The people bitching about Cruz’ hat tip to Mandela were random people on the Internet, not necessarily Cruz supporters (other than in the broad sense that they are likely conservative Republicans/TPists).
The “English”- or at least the people who would prefer to live under British rule- are a decided majority of Northern Irish. Your grasp of both South African and Irish history is decidedly off.
They’re not Dutch. They’re Afrikaaners.
Anglos have never amounted to more than about a third of white South Africans. And South Africa stopped being a British Dominion and left the Commonwealth in 1961. Whichever way the end of apartheid had gone, South Africa would not have been ruled by the English.
As others have pointed out, the analogy doesn’t work. As regards the securing of equal rights in Northern Ireland regardless of religion, that came about through the work of many individuals in Northern Ireland and elsewhere.
Firstly, of course they were random people on the internet, but they often said things like “This is the first thing I disagree with you on” or “I support 99.9 % of the things you say” - clearly these aren’t portyraying themselves as long-time Cruz opponents. So I think it’s fair to call them “supporters” … unless you’re alleging a non-TP conspiracy to make Cruz look bad?
Secondly, the bit I bolded is kind of the point - doesn’t matter if there were or were not Cruz supporters, they definitely are the face of the TP to the mainstream. And that face is ugly.
Joking aside, he wasn’t Ireland’s Mandela as he wasn’t able to secure equality for all Irish people.
Isn’t Johannesburg one of the, if not the, crime capital of the world today?
Also, that Oscar Pistorius fellow hinging his murder defence on the notion that he shot his girlfriend because he thought she was a [black] burgler, suggests some serious underlying race related tension still fester in the country ― he lived in a high security, gated community. Reference: Pistorius Trial: The Key Questions
Fair enough. He had a good run at it, though.
I do know I’d rather live in Jozi than Mexico…

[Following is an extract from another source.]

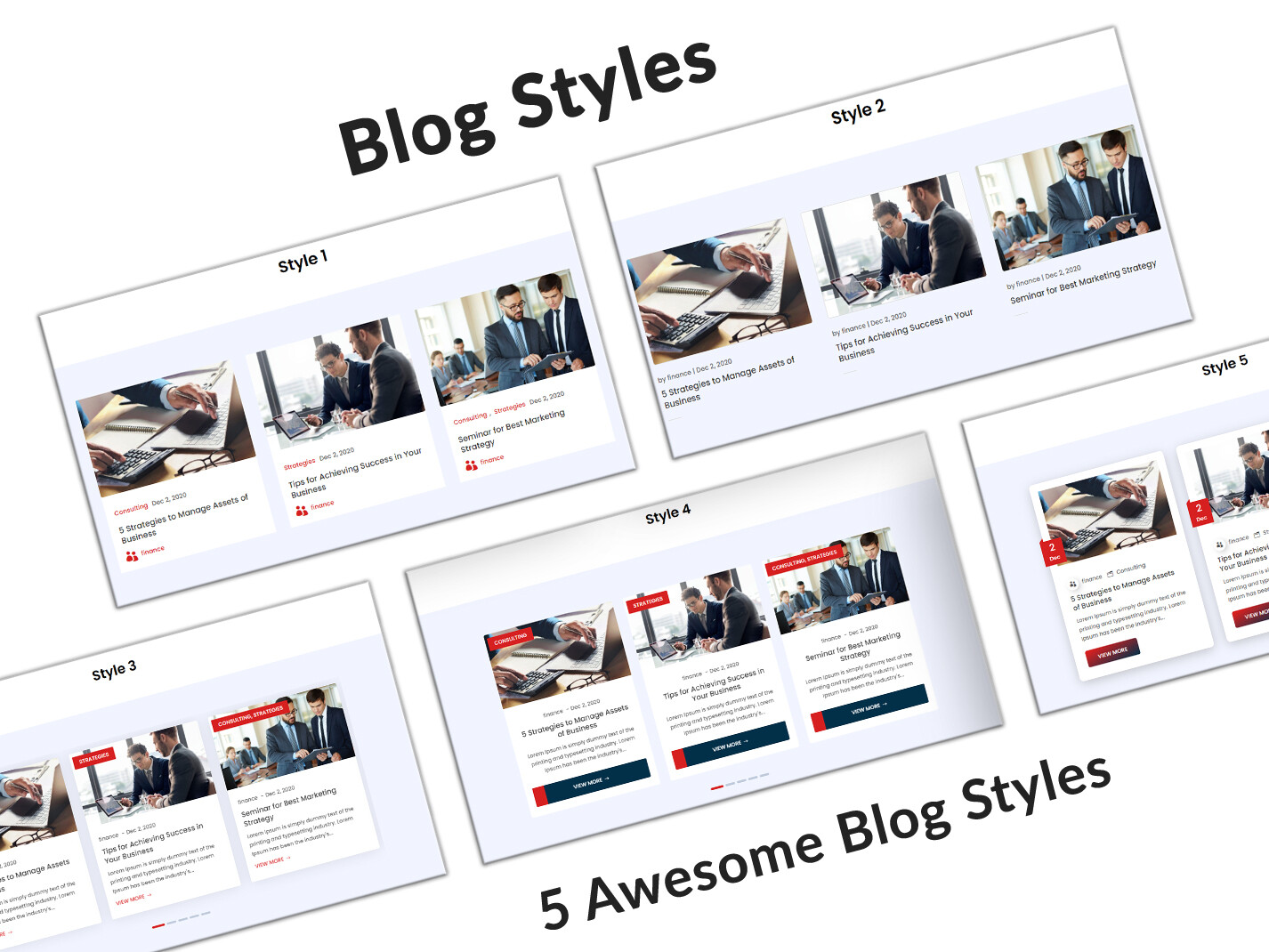 Divi Lawyer and Law Firm Child Theme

That’s his excuse, we’ll see what the courts decide. And of course some tensions still exist - I mean, it’s only been 20 years since Apartheid. Can you imagine what that kind of shit does to a nation’s collective psyche? I think, for some Whites, there’s a guilty feeling that they dodged a bullet and they’re always subconsciously waiting for the other penny to drop. Hence the erstwhile popularity of the “When Mandela dies, there’ll be a mass slaughter of Whites!” meme. Yeah, like that’s going to happen.
Does OJ Simpson’s impassioned plea about how he’ll never stop looking for the real killer suggest that there is a double murderer hanging out on Florida’s golf courses?
I said Dutch ancestry, not that they themselves identify as Dutch. (Afrikaners are pretty damn close anyway, their language is largely mutually intelligible with Dutch and they are descended from settlers from Holland.)
As I already said in this thread, not as much as you’d think. They’re as German as they are Dutch, and *a lot *of Afrikaners have French surnames (Du Toit, Du Plessis, Le Roux…). And the two languages are only really mutually intelligible when you’re drunk, IME.